[[ DATA LISTING open ]]

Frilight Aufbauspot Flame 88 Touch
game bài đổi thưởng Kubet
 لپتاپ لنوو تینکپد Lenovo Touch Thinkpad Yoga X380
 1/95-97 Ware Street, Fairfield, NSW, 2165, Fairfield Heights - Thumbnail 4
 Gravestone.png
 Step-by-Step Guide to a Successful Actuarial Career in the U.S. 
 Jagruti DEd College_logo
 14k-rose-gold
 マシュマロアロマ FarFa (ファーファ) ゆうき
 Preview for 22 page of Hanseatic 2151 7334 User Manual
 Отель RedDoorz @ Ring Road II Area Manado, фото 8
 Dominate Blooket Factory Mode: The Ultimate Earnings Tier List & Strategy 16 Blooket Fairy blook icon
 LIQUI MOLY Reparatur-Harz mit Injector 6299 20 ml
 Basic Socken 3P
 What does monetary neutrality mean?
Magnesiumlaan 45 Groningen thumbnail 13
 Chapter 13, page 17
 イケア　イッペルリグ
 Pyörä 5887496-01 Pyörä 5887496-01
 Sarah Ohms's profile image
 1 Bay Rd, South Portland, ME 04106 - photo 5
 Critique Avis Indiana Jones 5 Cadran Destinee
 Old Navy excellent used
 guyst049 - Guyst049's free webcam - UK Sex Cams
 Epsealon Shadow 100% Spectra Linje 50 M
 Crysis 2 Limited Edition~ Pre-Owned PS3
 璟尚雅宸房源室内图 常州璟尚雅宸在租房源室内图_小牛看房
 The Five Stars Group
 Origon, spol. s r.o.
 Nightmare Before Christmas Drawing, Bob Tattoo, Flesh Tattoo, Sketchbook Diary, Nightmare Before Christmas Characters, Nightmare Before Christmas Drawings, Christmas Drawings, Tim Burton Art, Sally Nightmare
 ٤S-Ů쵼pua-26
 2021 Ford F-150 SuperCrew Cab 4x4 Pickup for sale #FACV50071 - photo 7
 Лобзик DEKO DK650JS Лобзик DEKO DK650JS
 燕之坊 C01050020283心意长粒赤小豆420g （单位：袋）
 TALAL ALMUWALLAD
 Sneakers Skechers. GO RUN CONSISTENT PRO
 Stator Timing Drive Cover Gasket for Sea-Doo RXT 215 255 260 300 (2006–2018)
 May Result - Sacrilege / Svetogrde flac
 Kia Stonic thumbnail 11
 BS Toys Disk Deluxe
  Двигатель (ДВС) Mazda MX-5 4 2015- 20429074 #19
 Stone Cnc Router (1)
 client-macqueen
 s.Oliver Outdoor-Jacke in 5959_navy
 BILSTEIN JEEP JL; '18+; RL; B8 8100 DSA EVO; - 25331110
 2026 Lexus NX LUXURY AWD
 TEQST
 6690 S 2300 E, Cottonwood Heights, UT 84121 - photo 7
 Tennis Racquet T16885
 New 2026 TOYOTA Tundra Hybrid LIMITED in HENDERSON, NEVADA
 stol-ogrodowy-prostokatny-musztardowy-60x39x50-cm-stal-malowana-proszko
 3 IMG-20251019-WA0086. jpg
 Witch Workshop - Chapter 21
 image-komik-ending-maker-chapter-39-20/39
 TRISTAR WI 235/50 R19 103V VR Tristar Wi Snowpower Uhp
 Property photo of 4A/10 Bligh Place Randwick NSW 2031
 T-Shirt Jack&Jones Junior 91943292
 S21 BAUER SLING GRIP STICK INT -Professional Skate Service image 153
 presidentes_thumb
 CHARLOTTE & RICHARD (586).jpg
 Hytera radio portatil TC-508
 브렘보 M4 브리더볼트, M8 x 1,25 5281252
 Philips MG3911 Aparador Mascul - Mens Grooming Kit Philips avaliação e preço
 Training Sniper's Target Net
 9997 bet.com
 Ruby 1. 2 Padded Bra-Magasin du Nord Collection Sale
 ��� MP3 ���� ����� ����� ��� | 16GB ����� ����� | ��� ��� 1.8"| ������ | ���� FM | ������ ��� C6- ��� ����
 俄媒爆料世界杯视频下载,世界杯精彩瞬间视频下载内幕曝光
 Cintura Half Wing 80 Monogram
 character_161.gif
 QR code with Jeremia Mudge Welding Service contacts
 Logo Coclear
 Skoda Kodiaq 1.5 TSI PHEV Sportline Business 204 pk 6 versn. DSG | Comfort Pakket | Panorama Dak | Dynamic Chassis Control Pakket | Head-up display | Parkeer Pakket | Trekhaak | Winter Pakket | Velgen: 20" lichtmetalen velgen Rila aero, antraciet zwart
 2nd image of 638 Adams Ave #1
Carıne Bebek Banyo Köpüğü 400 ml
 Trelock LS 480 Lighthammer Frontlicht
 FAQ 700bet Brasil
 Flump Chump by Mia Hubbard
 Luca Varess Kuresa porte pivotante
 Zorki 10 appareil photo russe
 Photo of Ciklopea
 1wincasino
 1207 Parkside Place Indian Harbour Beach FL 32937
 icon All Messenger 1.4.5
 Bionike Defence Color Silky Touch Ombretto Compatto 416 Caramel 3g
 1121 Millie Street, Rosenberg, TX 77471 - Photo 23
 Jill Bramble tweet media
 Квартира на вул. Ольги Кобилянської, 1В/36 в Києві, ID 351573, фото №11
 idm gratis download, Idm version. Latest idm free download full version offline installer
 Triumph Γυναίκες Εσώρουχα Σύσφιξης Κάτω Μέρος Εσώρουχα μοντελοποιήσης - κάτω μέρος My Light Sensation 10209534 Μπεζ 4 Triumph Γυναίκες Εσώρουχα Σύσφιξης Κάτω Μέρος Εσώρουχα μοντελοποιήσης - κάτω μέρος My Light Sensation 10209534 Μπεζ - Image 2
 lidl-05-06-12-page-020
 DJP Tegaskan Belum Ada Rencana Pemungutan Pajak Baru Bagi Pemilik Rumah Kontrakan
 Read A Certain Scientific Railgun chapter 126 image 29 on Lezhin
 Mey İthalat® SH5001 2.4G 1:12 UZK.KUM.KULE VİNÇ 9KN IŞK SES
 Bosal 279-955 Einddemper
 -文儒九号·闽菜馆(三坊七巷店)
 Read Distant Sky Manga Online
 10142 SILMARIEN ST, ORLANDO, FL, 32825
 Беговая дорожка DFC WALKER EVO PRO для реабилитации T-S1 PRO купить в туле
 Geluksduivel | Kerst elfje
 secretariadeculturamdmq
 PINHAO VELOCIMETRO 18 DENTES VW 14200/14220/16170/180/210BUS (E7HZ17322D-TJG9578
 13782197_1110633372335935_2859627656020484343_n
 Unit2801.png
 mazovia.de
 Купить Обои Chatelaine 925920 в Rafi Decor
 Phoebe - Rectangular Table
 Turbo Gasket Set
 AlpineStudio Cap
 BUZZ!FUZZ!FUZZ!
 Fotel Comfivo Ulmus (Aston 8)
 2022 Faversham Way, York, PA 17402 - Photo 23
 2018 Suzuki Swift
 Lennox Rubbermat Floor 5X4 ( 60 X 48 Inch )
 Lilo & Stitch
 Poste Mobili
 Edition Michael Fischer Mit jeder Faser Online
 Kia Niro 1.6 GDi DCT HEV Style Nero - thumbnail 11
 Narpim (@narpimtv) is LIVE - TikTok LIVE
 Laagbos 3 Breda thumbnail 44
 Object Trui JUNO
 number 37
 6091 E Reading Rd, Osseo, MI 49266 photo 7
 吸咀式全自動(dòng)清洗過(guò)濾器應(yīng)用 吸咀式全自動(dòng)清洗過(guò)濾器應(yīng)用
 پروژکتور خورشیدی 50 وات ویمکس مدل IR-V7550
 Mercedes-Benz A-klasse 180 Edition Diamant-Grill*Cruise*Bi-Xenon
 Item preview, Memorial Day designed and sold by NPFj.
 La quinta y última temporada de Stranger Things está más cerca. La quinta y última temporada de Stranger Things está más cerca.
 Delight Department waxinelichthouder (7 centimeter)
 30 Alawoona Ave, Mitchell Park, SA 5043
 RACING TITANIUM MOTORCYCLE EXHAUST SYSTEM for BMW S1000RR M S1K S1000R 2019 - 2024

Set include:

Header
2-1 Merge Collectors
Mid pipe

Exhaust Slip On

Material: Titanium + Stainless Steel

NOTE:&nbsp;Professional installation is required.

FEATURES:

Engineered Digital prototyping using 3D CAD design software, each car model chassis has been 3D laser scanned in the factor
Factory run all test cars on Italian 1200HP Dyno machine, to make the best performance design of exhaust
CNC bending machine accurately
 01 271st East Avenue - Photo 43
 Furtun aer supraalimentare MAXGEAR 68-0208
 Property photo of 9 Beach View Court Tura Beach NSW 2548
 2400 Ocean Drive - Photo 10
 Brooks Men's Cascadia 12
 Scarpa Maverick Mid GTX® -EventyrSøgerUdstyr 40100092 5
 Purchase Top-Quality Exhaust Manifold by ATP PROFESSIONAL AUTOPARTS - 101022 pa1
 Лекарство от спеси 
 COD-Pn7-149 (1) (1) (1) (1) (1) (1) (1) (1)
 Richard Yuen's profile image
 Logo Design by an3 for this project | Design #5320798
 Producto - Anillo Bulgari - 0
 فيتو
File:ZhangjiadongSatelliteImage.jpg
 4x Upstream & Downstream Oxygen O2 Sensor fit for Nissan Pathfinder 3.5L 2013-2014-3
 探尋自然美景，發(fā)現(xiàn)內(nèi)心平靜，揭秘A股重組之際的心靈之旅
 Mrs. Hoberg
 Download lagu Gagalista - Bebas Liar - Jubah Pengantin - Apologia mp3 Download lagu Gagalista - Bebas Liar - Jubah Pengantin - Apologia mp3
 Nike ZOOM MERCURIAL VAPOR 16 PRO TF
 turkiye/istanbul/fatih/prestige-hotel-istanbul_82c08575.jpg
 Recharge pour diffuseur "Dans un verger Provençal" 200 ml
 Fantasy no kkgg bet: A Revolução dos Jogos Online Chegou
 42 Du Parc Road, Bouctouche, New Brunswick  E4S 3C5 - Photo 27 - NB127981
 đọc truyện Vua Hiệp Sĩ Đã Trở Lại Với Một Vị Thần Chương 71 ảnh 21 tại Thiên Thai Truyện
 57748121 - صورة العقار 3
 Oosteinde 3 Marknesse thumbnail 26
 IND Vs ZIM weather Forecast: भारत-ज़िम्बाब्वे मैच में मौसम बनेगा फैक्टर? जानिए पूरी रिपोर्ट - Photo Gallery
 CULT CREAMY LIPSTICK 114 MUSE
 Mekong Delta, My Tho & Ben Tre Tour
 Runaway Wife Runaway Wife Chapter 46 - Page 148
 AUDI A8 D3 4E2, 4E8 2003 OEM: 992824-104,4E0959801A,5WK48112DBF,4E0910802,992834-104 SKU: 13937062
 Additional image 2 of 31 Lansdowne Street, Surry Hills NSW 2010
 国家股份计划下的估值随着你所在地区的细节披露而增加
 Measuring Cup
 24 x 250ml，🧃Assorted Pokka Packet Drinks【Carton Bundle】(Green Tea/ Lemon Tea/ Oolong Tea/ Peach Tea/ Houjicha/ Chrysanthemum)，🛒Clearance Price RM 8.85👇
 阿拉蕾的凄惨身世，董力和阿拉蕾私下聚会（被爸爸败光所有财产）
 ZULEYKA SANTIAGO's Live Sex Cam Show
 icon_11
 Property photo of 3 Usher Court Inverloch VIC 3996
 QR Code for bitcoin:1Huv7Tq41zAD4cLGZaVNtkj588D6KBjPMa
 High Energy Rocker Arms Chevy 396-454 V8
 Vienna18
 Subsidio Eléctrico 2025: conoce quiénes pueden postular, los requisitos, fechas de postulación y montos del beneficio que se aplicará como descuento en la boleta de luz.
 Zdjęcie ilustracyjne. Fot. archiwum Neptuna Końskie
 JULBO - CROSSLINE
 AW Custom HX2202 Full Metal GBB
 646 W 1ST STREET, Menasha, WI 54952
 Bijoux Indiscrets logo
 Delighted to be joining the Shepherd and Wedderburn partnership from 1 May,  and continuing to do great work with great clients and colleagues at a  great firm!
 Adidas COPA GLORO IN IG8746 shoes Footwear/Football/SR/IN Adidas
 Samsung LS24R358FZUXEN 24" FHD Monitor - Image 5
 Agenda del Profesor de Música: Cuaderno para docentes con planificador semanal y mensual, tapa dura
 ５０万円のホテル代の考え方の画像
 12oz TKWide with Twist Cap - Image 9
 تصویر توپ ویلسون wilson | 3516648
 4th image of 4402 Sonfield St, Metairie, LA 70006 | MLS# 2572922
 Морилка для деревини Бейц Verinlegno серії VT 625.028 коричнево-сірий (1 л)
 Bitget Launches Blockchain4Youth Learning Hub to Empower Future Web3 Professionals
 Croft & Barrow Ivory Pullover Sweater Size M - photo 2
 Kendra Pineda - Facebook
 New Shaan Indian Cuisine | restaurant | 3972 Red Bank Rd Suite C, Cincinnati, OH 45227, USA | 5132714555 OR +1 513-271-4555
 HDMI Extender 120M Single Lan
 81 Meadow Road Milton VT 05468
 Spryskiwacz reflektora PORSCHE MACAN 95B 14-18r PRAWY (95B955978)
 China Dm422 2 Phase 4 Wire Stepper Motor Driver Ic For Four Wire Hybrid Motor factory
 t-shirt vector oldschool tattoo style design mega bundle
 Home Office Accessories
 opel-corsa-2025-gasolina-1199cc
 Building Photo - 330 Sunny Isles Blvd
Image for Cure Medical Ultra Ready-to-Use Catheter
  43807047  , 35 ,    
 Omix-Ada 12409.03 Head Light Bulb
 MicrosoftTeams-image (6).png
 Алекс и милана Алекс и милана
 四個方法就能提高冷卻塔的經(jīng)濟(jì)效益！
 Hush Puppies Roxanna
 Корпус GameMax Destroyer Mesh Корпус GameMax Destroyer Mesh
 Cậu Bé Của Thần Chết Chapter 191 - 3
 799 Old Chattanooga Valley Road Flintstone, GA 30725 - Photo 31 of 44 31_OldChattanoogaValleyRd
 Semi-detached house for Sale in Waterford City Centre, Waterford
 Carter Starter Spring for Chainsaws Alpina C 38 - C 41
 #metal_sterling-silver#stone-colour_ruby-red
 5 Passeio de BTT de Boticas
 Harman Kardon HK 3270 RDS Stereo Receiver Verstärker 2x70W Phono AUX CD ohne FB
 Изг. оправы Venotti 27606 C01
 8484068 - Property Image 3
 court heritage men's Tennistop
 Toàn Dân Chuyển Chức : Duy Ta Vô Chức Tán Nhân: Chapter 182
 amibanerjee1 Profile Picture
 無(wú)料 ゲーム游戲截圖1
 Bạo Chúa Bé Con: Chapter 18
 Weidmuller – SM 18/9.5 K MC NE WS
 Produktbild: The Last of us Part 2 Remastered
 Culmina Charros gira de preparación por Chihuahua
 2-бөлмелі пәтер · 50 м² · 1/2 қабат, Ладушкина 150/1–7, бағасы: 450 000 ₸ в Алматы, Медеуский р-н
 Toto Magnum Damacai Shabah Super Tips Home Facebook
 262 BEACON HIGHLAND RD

[[ DATA LISTING closed ]]

* [AIM OF THE TASK]
The word "free" is the filter: copy every line of the listing above that contains it.

* [RESULT]
 guyst049 - Guyst049's free webcam - UK Sex Cams
 idm gratis download, Idm version. Latest idm free download full version offline installer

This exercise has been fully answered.